-- About this exercise --
Your answer must be an exact repeat of the lines from the one containing "BLACK - SATIN CREPE" through the last line of the records, both included, with no pictures.
○ ○ ○ ○
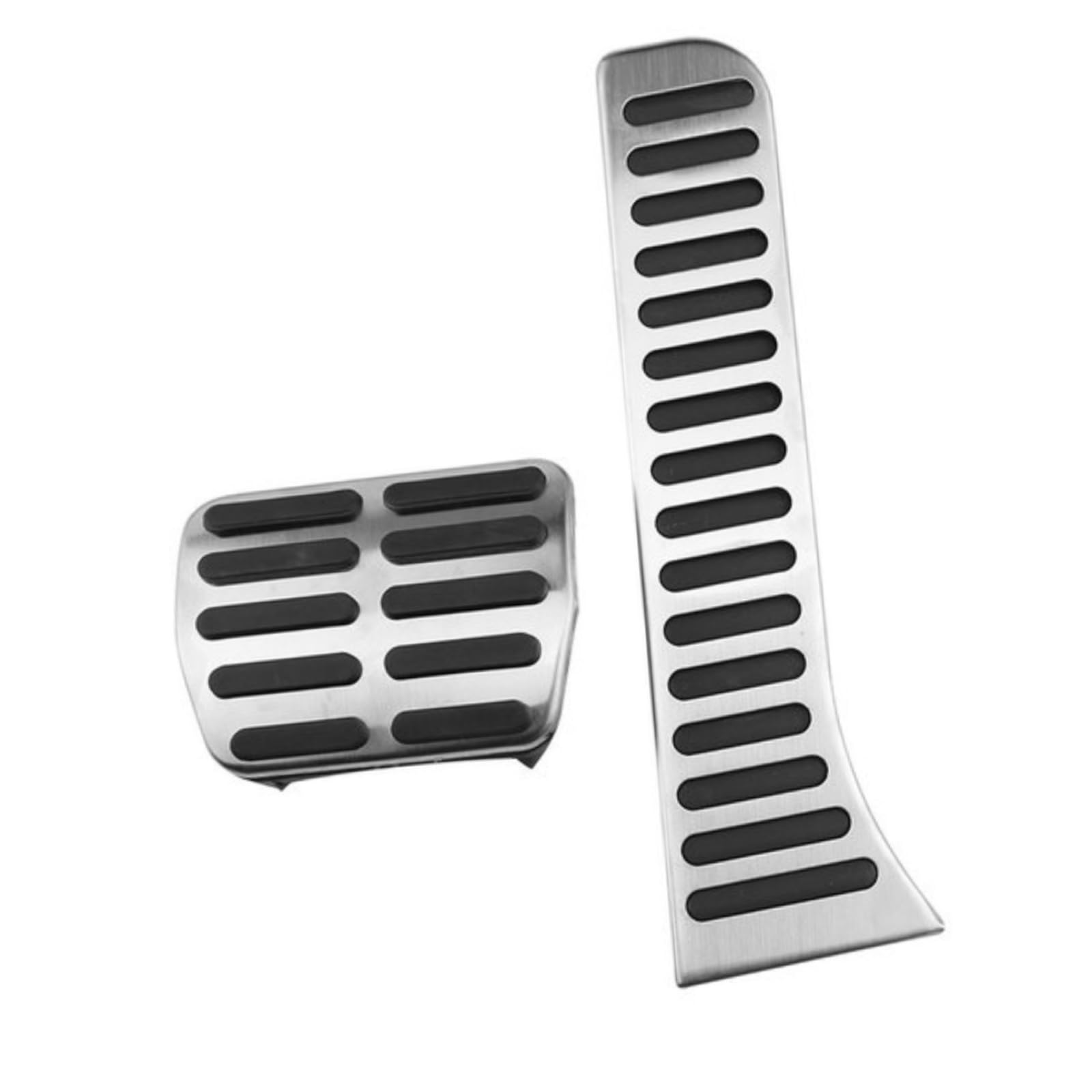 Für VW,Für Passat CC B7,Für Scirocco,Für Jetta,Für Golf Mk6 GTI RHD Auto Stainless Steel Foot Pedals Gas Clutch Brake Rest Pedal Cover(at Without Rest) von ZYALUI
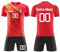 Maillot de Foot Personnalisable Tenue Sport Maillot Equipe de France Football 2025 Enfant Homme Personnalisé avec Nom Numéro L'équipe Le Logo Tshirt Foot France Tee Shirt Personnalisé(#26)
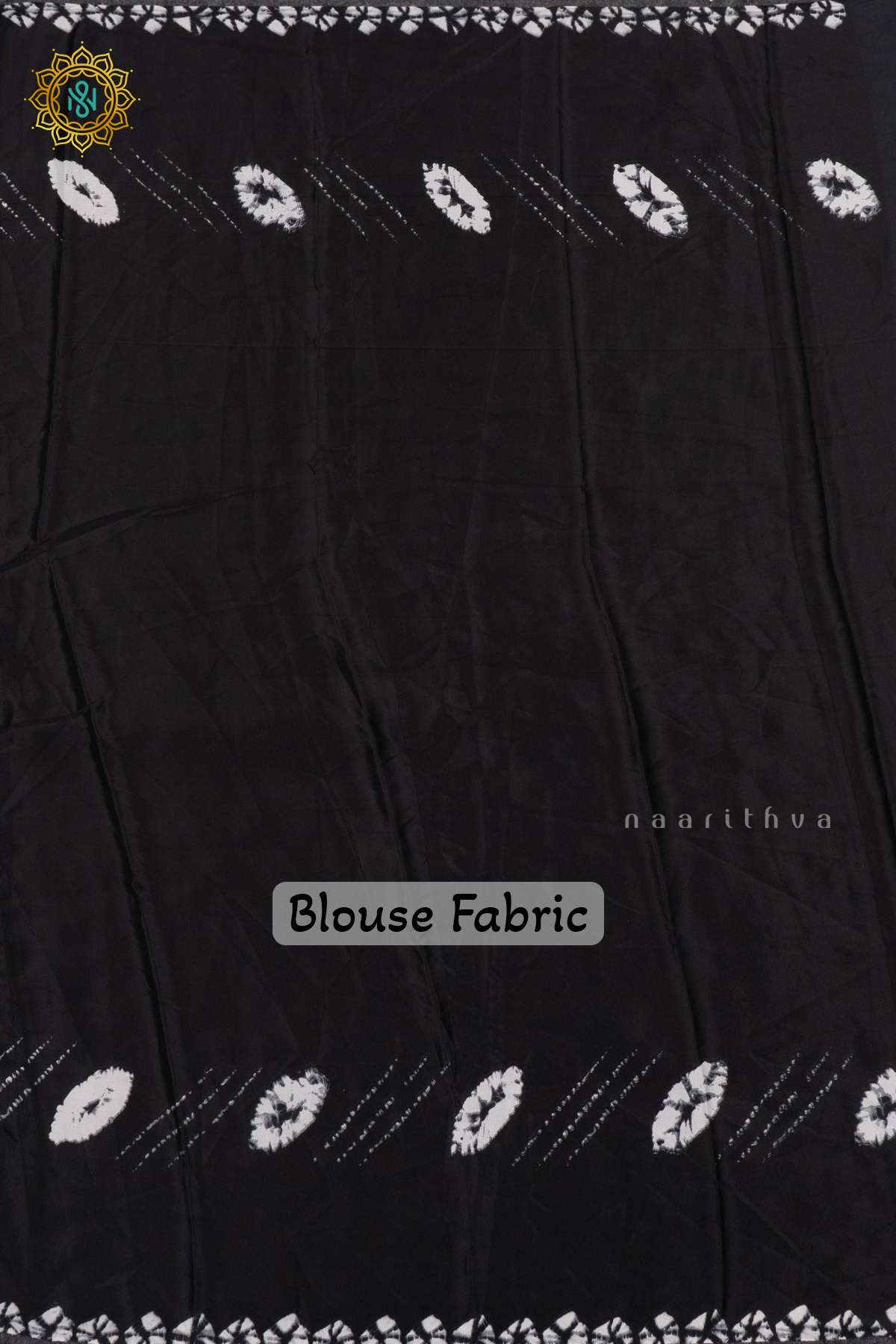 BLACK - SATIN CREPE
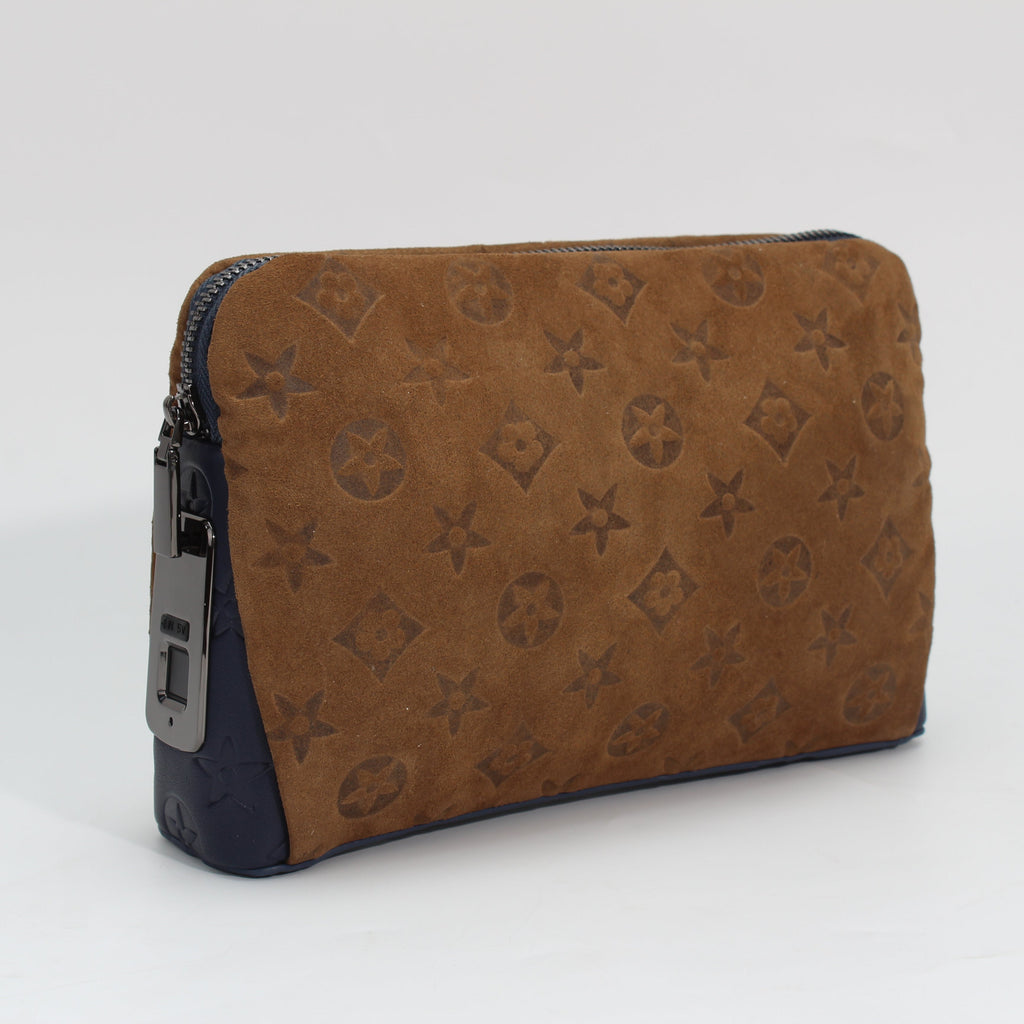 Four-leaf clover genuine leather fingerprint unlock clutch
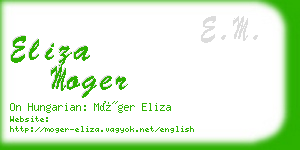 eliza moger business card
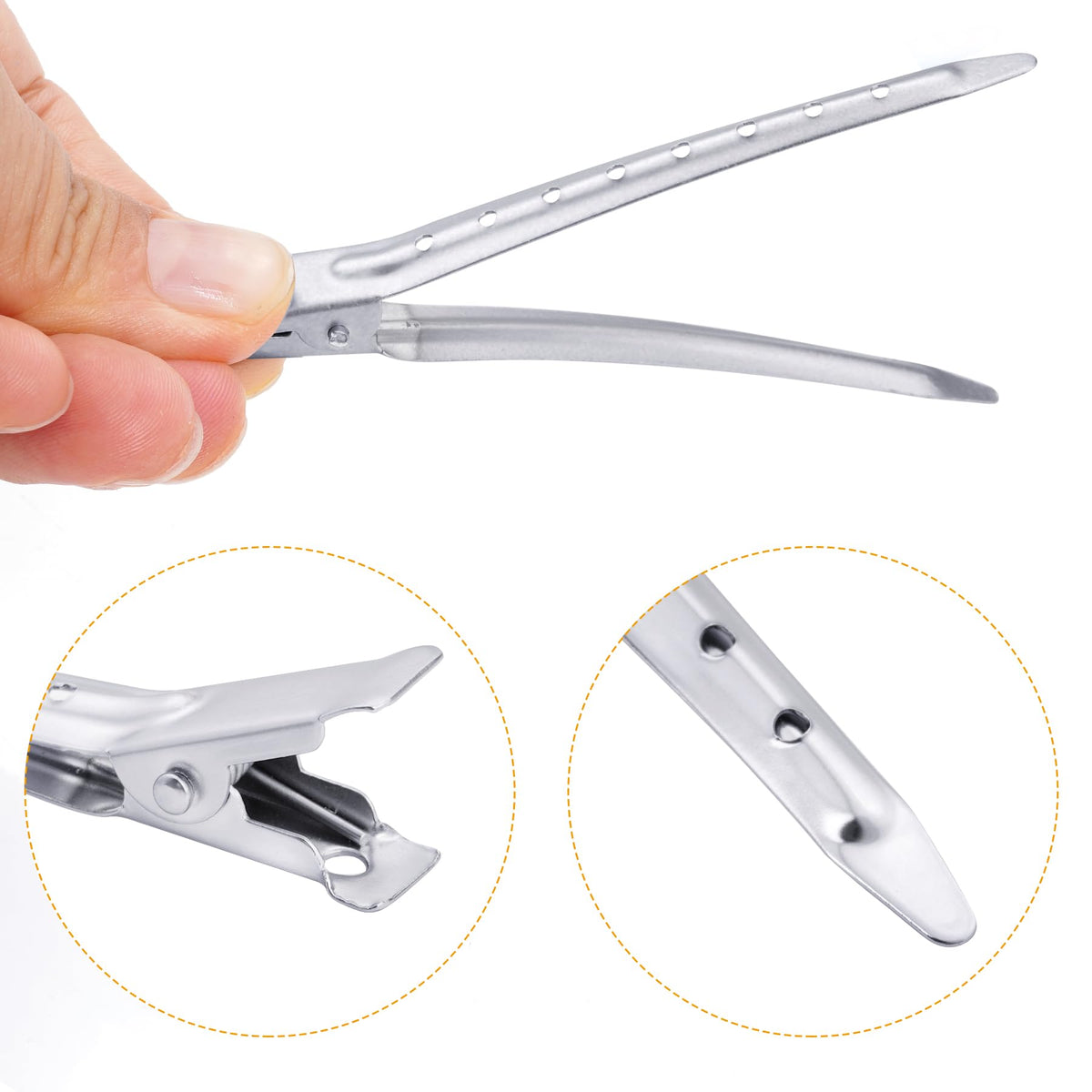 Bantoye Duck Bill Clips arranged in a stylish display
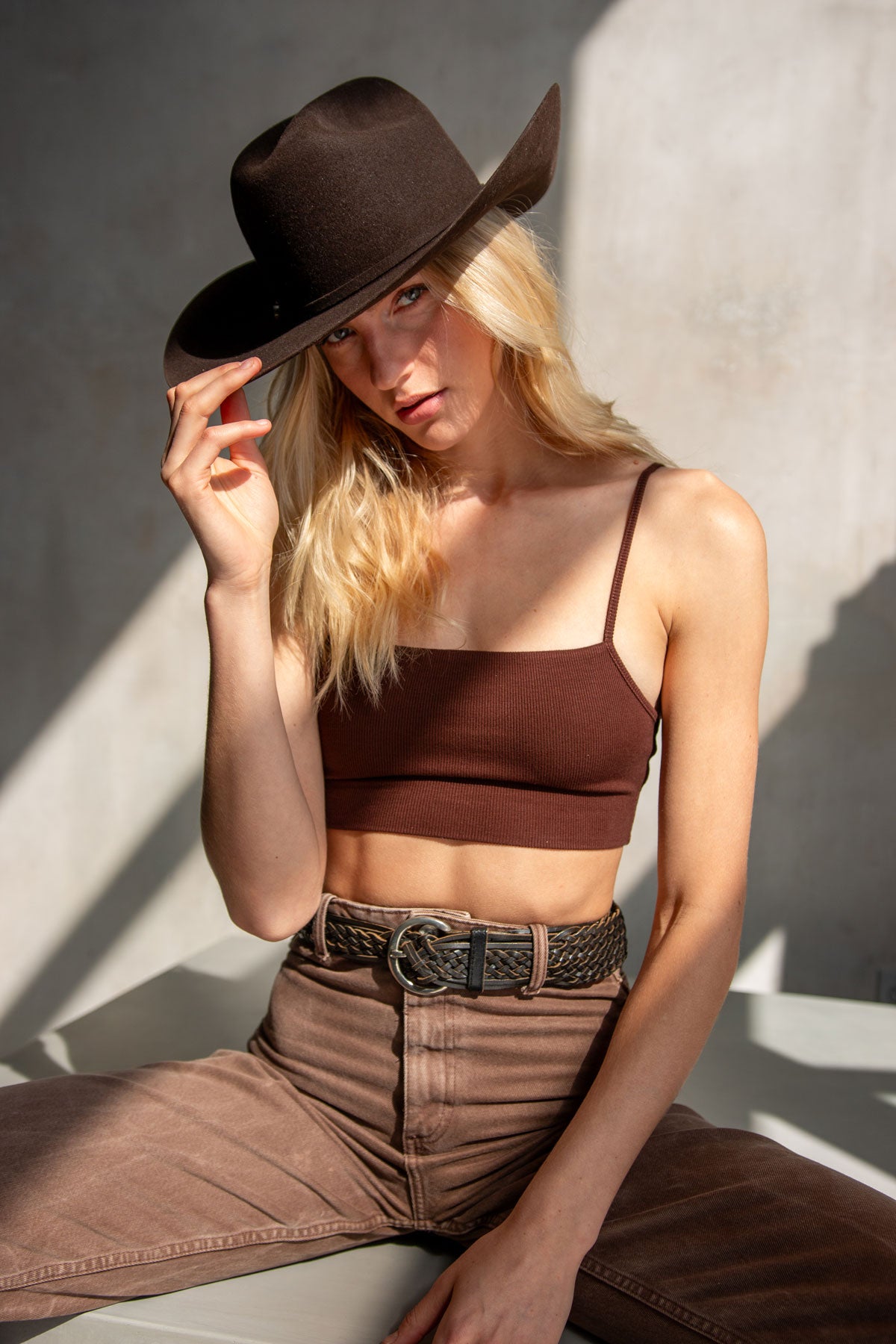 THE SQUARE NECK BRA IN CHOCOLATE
○ ○ ○ ○
-- Expected output --
 BLACK - SATIN CREPE
 Four-leaf clover genuine leather fingerprint unlock clutch
 eliza moger business card
 Bantoye Duck Bill Clips arranged in a stylish display
 THE SQUARE NECK BRA IN CHOCOLATE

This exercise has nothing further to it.